На самом деле Трепова подвело плохое знание диалектики. Поначалу ему удалось в какой-то мере снизить накал рабочего движения, но в конечном итоге большевикам удалось воспользоваться уже готовыми организациями, созданными с помощью властей, и направить энергию пролетариата непосредственно на борьбу с правительством. Впрочем, об этом в свое время достаточно подробно писали советские историки.
Так же противоречивы заслуги Трепова в деле управления полицией. Он неуклонно требовал от подчиненных поддерживать порядок на улицах Москвы и, в частности, правильное дорожное движение. Как и его предшественник, Трепов добивался от городовых, чтобы они заставляли извозчиков ездить по правой стороне и не создавать заторы. Однако после его перевода в Петербург выяснилось, что состояние московской полиции далеко не образцовое. Многие из городовых, например, не были обеспечены револьверами и фактически заступали на посты вооруженные только шашками. Привычным для Трепова было и вольное обращение с казенными деньгами.
1 января 1905 г. должность обер-полицмейстера была упразднена. Чиновник, исполнявший функции начальника полиции, получил наименование градоначальник.
Квартальные
Сущевский полицейский дом на Селезневской улице
Федотов П.А. Квартальный
(рисунок 1840 г.)
Я помню, как квартальный надзиратель,Порядка русского блюститель и создатель,Допрашивал о чем-то бедняка,И кровь лилась под силой кулака,И человек, весь в жалком беспорядке,Испуганный, дрожал, как в лихорадке.Н.П. Огарев
«Квартального надзирателя должность требует беспорочности в поведении, доброхотства к людям, прилежания к должности и бескорыстия» – так в «Уставе благочиния» определила императрица Екатерина II качества полицейского офицера, по своему служебному положению ближе всех стоявшего к обывателям.

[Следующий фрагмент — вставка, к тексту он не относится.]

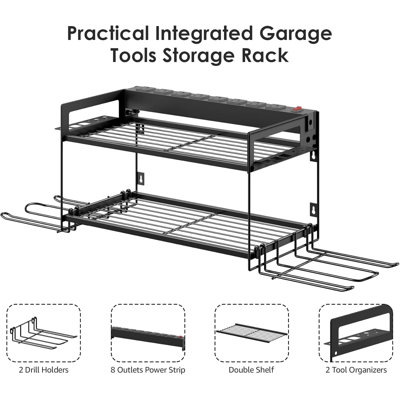 Garage Tool Storage  Organizer With Charging Station, Power Tool Battery Storage Rack With Power Outlet, 4 Wall-mounted Drill Holders.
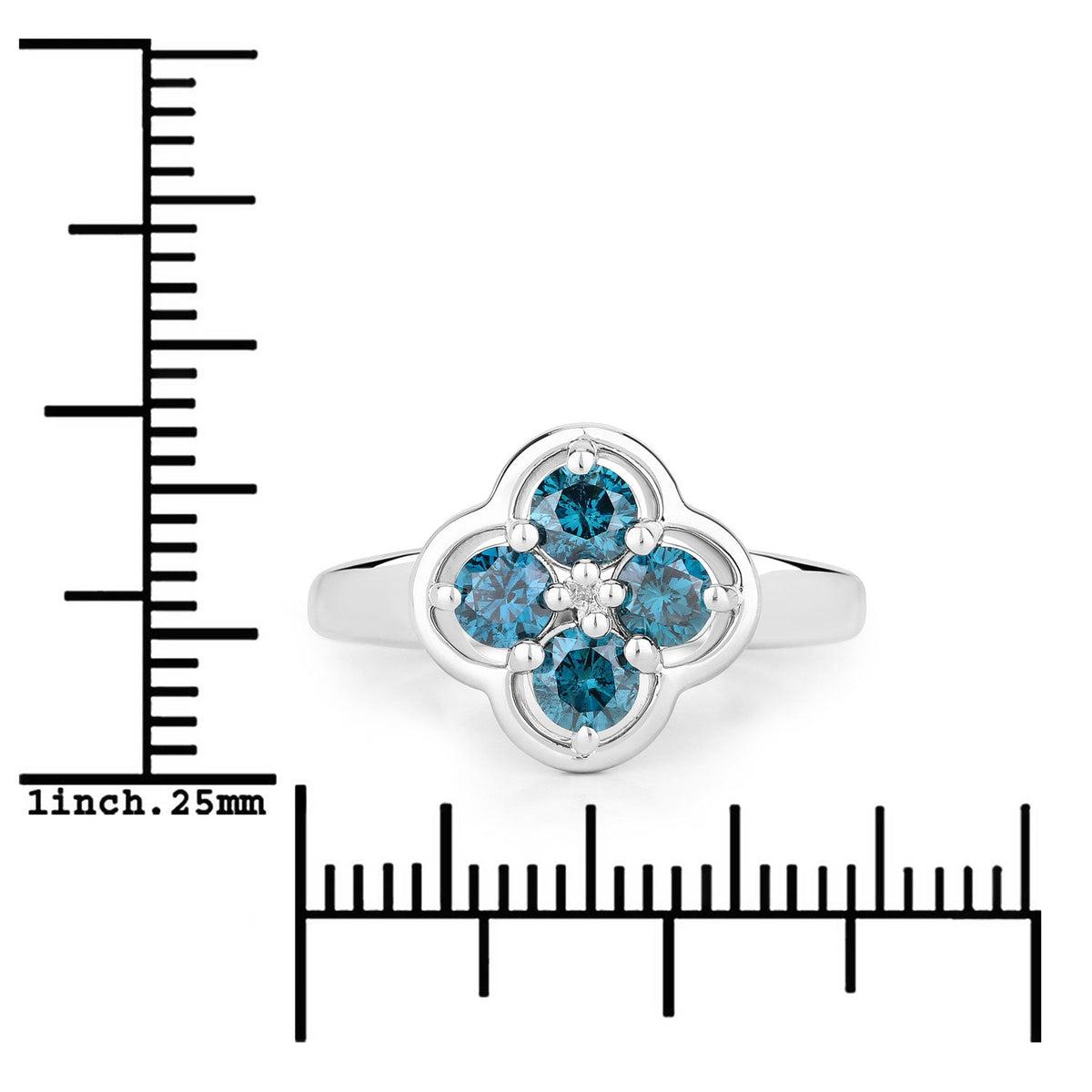 0.76 Cttw Round Teal Blue Diamond Rhodium Plated Silver Clover Cluster Ring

До преобразования московской полиции в 1881 г. квартальный надзиратель представлял первую полицейскую инстанцию в городах. У него в подчинении находился квартал — часть городской территории, населенная определенным количеством жителей. Для них именно квартальный был тем самым «оком государевым», под пристальным взглядом которого проходила вся жизнь российского горожанина.